Translation:Feumaidh tu bonaid.

December 9, 2019



Tha thu but feumaidh tu. What is happening here? Do you get aspiration after tha?


Apart from bidh, verb forms ending -dh get tu insted of thu.

NB: If by "aspiration" you mean "lenition", it's properly called "lenition. "Aspiration" is something else. This terminology mix-up comes from older textbooks; nobody uses it any more.


-dh and -as.

The term aspirate/aspiration certainly was used but it is particularly dangerous to use it now as it refers to a different mutation in Welsh, Cornish and Breton.

I have given a longer answer to this question here..


After the future suffixes -(a)idh and -(e)as, and the conditional suffix -(e)adh, and in some other contexts, it's tu instead of thu. (Although it's not future in meaning here, feumaidh is actually a future tense form.) Note that tu is pronounced as if spelt du.


Note that tu is pronounced du in some dialects.


Why this sentence does not begin with Tha ?

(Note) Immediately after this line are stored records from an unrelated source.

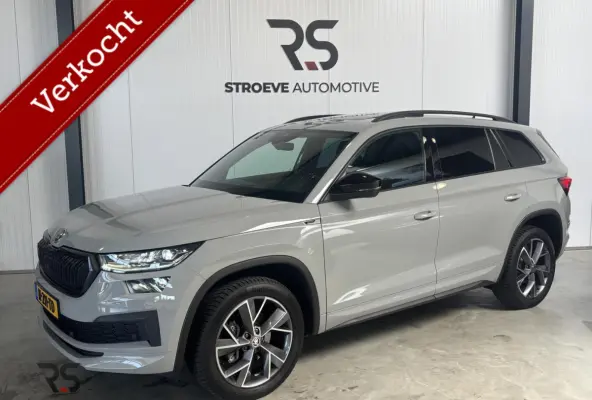 1.5 TSI 150 pk DSG Sportline Business 7p.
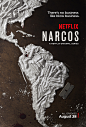 Mega Sized Movie Poster Image for Narcos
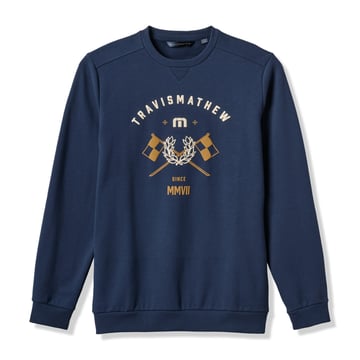 Tm Varsity Club Crew Travis Mathew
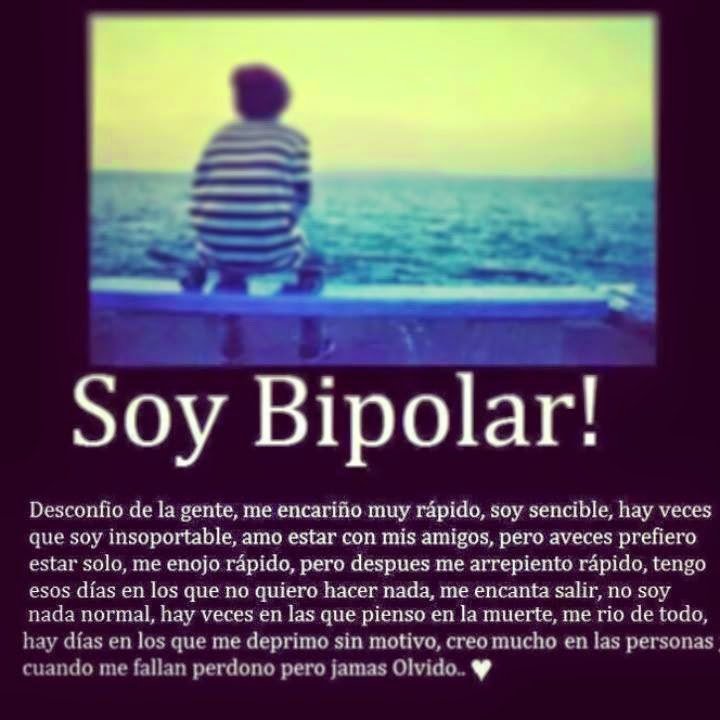 Letras Sin Complejos: ¡Tú no eres bipolar!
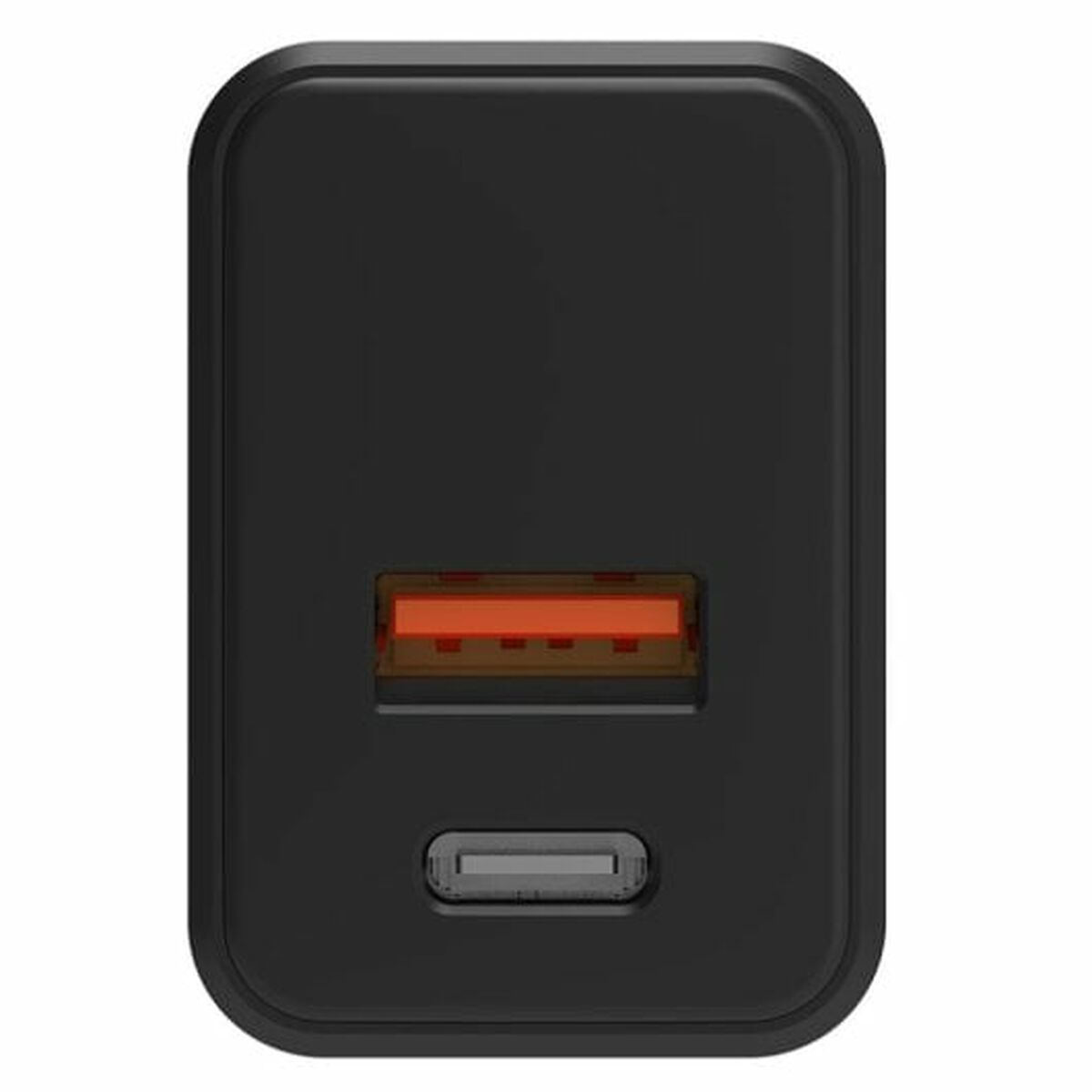 Väggladdare PcCom Essential Svart 20 W USB USB-C - 3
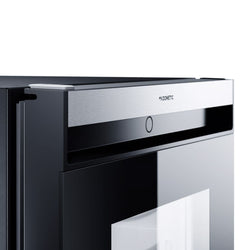 DOMETIC | Chłodziarka minibarowa HIPRO EVOLUTION N30G – 384 mm – 30 L – z 1 drzwiami szklanymi – z zawiasami drzwi po lewej stronie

The normal way to say you need something does begin with tha. Most people, and all dictionaries I know, think that the structure in this sentence is not correct as feumaidh means 'need to', not 'need'. There are differing opinions, but I would ignore this structure and wait until you learn the standard one later.


Thank you a lot! Your answers are very useful.


Thank you for accepting "tha feum agad air bonaid " style!!


What distinction does feumaidh have that the sentence is not constructed the same as some others? In other sentences you might say "Tha thu ag iarraidh bonaid" or "Tha sibh a' ceannach bonaid." Does feumaidh have different rules because it's stating a condition, not an action? I'm interested in why it's not phrased as "you are needing a bonnet".


That's a really good question so I hope someone can answer it, but here are a couple of points. Firstly, iarraidh 'wanting' is also a condition so there does not seem to be a meaning-based explanation.

Secondly, not all verbs are the same in English, so why should they be in Gaelic. Why do we say I am enjoying but I like? These are both conditions just like wanting. Who knows?

Thirdly, feum is a defective verb. That means there are bits missing - it has no verbal noun, the equivalent of iarraidh, so they would simply have had to find a different structure. Of course it could be the other way round - it could be that it has no verbal noun because it was not used.

There is only a very small number of verbs in Gaelic that use this simple form like fumaidh and like to state current condition. Feumaidh is technically the future tense, because there is no present tense, but what it would have been in the distant past, when there were more tenses I have no idea.

The word is actually more common as a noun than a verb - I can find the noun in both Old and Modern Irish, but I cannot find a verb - it is not listed as the Irish translation of need. Further, although this verb exists in Gaelic, it is not actually the usual way to say you need something in my experience or any dictionary I can find, as I discuss above. Rather I would normally use the noun,

Tha feum agad air bonaid Is need at you on [a] bonnet

so it may be that the verbal use is quite new.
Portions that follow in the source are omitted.